*** Opening DATA EXCERPTS ***
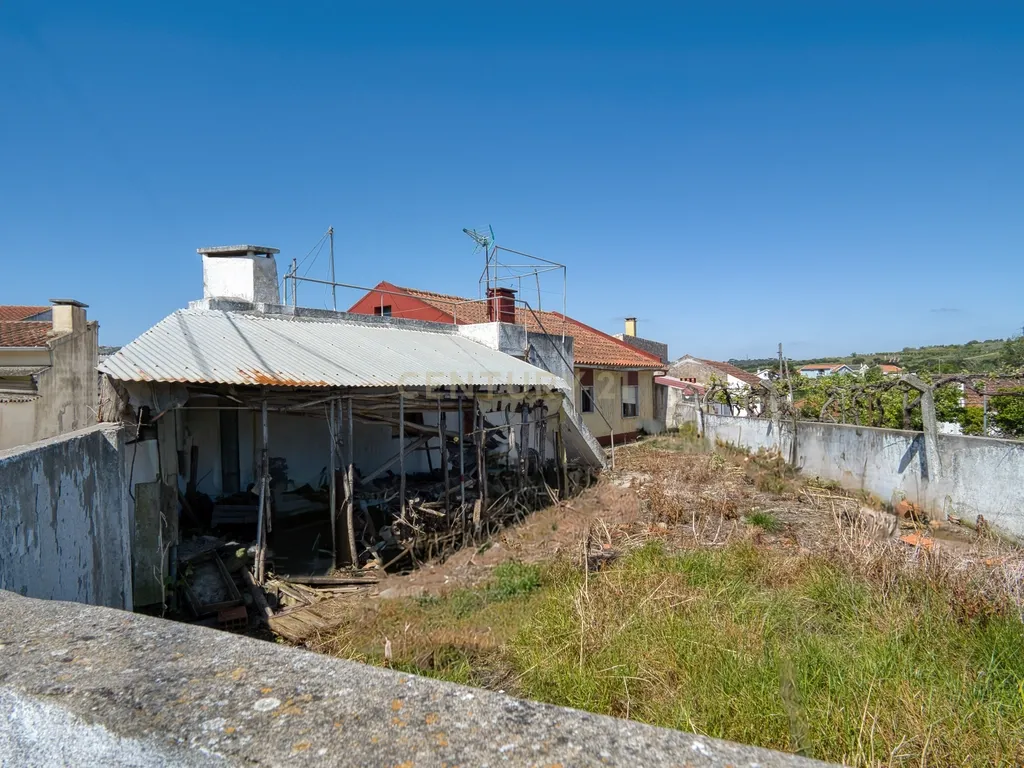 Moradia t2 mais sótão e quintal com excelente localização na Delgada - Image 17
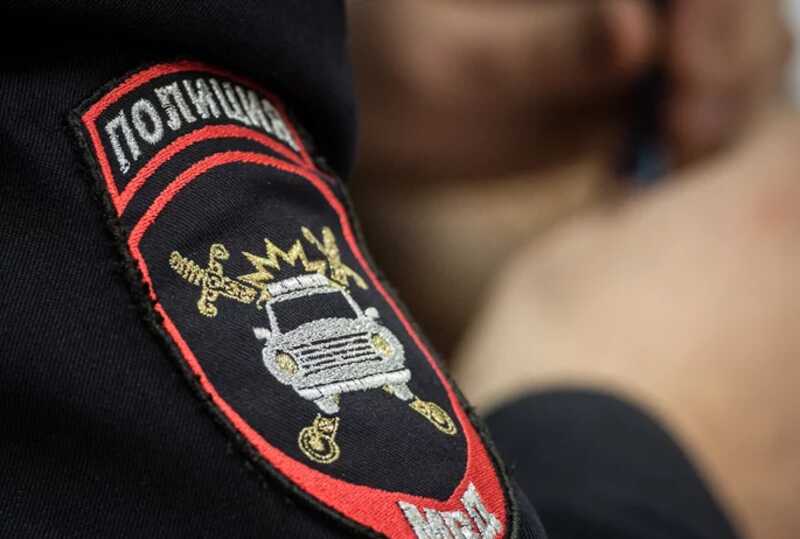 Свердловского полицейского, в которого стрелял бывший коллега, уволили
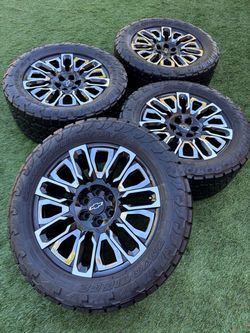 Chevy Silverado wheels on 35x12.50/22 Wkeels and tires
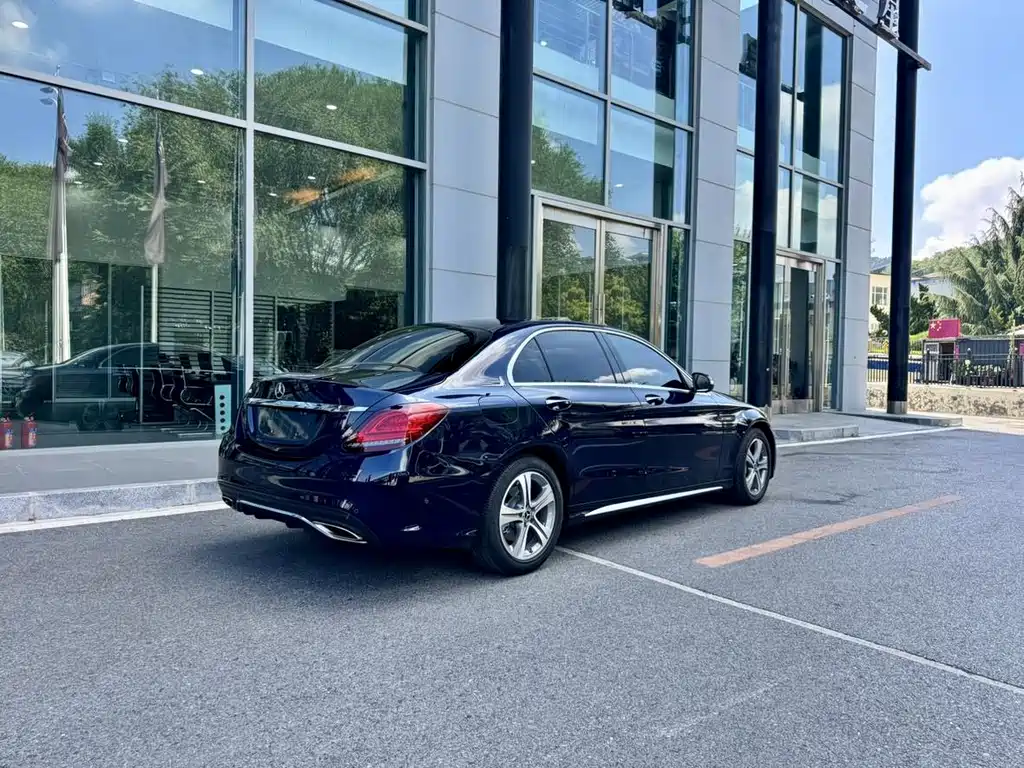 Mercedes-Benz C-Class 2020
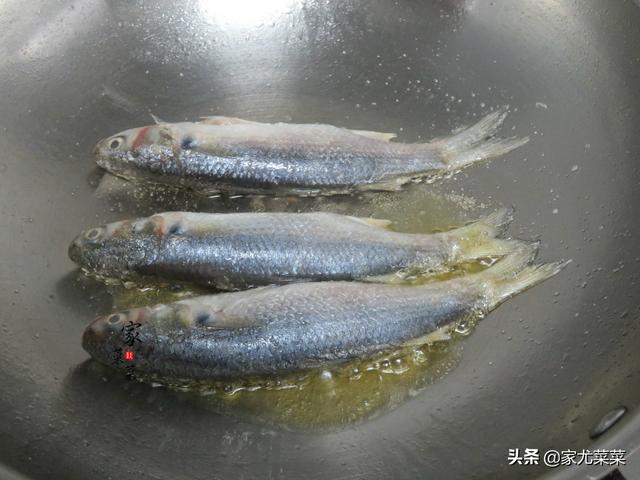 不管煎什么鱼，直接下油锅是不对的！煎鱼不破皮不粘锅，有诀窍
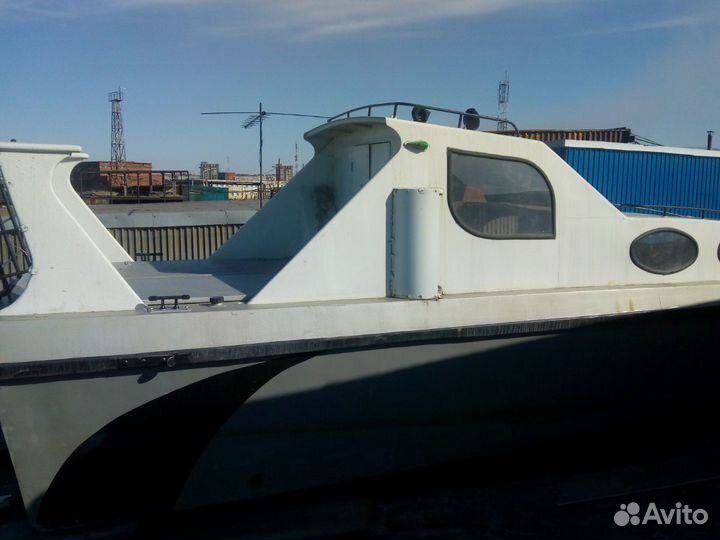 Катер 7.5м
*** Closing DATA EXCERPTS ***
# INSTRUCTIONS FOR THE TASK:
Reproduce nothing but the lines from the line containing "Свердловского полицейского, в" through the last line of the data above, exactly as written and without pictures.

# RESULT FOR THIS TASK:
 Свердловского полицейского, в которого стрелял бывший коллега, уволили
 Chevy Silverado wheels on 35x12.50/22 Wkeels and tires
 Mercedes-Benz C-Class 2020
 不管煎什么鱼，直接下油锅是不对的！煎鱼不破皮不粘锅，有诀窍
 Катер 7.5м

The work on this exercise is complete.